Each line from the one containing "Tríptica Tarjeta de" to the end of the listing below must be retyped exactly, with no line left out and none added.

--- LISTED ENTRIES Enclosed Below ---

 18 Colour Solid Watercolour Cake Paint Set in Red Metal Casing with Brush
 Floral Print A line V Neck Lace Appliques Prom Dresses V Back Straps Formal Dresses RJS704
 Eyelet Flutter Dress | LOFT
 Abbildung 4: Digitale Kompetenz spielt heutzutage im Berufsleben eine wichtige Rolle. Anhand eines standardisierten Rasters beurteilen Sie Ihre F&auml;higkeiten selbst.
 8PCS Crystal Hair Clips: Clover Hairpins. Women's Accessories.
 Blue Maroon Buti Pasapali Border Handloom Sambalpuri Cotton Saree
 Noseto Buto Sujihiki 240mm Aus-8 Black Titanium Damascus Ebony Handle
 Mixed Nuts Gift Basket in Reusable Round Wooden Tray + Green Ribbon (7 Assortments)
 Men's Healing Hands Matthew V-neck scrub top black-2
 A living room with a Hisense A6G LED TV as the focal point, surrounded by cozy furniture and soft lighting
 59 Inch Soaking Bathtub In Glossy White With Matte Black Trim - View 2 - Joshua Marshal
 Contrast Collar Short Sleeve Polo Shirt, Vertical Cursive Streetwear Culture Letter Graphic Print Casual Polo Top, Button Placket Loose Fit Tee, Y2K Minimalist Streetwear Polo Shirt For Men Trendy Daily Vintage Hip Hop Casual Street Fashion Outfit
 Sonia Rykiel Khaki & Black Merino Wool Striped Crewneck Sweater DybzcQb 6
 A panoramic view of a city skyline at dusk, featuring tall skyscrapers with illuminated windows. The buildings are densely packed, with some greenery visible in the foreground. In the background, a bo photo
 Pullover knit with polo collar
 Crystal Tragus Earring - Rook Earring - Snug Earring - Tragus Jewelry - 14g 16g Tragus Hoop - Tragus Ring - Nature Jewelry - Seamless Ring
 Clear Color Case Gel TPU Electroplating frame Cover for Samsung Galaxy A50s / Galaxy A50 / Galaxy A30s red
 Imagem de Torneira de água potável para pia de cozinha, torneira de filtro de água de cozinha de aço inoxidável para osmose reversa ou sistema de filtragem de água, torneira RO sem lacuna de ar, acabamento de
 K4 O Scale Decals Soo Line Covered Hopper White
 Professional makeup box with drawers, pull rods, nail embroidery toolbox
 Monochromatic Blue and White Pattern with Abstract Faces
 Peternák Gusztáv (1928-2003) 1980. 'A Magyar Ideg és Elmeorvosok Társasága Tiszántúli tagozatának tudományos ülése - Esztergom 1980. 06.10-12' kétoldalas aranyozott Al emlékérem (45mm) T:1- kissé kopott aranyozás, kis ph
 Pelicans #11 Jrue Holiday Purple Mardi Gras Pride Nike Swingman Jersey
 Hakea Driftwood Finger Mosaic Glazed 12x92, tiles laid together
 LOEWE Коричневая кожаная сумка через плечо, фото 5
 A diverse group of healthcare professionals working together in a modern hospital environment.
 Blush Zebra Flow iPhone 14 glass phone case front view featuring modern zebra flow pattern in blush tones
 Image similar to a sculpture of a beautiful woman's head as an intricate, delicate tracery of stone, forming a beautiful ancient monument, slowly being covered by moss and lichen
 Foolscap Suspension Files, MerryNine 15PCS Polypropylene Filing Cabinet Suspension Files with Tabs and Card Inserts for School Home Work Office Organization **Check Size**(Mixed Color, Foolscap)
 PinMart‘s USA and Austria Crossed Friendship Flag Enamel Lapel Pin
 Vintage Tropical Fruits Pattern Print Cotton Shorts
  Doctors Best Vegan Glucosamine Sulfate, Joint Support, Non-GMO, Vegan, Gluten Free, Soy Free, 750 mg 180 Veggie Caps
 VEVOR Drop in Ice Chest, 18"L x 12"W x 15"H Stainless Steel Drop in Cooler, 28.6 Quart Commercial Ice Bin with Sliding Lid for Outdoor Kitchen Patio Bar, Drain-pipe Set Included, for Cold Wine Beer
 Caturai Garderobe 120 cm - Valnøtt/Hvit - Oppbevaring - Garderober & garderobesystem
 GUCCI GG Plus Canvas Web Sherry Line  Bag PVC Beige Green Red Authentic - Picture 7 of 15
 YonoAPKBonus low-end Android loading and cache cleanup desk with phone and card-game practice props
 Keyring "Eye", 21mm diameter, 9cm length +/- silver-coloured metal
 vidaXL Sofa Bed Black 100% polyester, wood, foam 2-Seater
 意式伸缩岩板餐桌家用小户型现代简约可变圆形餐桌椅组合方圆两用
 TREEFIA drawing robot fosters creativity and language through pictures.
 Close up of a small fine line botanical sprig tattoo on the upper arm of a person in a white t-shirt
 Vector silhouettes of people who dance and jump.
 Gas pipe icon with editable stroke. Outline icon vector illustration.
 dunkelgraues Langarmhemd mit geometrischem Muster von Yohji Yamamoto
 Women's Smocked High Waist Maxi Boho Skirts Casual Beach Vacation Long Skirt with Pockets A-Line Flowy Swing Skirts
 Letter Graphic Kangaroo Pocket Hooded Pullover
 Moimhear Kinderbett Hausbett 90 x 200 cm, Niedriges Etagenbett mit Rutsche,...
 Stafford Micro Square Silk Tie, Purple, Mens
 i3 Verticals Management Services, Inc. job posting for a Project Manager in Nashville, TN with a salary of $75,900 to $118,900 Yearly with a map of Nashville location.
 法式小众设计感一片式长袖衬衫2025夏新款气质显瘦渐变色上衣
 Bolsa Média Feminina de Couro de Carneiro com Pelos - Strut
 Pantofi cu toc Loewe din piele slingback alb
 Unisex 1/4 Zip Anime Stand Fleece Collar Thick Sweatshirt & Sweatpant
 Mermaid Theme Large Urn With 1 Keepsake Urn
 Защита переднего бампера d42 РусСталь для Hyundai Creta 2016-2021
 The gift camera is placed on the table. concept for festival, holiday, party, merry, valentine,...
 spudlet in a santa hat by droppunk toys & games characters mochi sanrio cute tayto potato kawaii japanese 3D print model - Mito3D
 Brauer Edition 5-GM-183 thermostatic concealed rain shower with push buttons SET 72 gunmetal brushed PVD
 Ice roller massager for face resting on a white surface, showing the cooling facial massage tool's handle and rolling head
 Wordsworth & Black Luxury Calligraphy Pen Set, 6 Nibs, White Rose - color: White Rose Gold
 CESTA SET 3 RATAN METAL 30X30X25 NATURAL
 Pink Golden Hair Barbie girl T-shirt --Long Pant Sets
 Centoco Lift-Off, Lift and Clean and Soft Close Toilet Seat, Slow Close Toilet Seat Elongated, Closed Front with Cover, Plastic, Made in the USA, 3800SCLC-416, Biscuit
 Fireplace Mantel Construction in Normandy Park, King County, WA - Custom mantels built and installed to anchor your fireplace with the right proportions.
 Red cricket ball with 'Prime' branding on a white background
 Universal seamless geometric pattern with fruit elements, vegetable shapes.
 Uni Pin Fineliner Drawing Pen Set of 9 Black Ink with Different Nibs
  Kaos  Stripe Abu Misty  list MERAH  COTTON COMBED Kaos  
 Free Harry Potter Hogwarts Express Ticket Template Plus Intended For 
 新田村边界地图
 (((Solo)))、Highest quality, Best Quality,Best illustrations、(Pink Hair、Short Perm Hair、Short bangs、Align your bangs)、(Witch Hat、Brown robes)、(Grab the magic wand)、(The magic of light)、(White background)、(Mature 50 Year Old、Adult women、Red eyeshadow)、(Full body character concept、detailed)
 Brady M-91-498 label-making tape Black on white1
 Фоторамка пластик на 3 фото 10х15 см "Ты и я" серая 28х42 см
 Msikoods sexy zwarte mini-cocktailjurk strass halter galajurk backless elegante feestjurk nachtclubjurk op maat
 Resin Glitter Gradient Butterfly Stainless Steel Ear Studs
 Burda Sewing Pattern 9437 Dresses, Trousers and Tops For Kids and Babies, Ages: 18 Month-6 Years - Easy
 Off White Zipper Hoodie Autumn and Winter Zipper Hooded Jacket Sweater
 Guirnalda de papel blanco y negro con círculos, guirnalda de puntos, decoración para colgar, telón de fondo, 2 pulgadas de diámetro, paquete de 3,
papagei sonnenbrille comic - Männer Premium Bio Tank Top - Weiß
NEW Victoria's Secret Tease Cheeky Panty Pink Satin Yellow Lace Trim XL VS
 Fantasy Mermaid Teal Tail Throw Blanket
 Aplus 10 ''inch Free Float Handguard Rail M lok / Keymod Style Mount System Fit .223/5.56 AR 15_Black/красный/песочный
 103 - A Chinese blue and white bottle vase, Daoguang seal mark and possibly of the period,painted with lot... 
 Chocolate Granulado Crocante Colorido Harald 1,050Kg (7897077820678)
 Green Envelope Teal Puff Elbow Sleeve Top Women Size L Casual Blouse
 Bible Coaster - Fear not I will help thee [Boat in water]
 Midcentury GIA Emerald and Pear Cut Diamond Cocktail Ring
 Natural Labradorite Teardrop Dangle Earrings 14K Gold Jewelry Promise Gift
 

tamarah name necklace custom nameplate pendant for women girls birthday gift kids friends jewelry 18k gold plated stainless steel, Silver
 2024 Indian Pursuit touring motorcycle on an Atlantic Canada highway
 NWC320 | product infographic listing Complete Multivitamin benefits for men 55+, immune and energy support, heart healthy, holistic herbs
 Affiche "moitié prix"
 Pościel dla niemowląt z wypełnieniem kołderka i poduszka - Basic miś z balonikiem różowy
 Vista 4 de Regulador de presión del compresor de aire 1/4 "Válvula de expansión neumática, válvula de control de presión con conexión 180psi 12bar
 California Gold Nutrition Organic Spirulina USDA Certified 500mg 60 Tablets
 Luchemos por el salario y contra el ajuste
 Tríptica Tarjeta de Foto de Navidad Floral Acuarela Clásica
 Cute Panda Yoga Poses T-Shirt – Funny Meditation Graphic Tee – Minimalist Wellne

--- End of Enclosed LISTED ENTRIES ---

■ RESULT OF THIS EXERCISE
 Tríptica Tarjeta de Foto de Navidad Floral Acuarela Clásica
 Cute Panda Yoga Poses T-Shirt – Funny Meditation Graphic Tee – Minimalist Wellne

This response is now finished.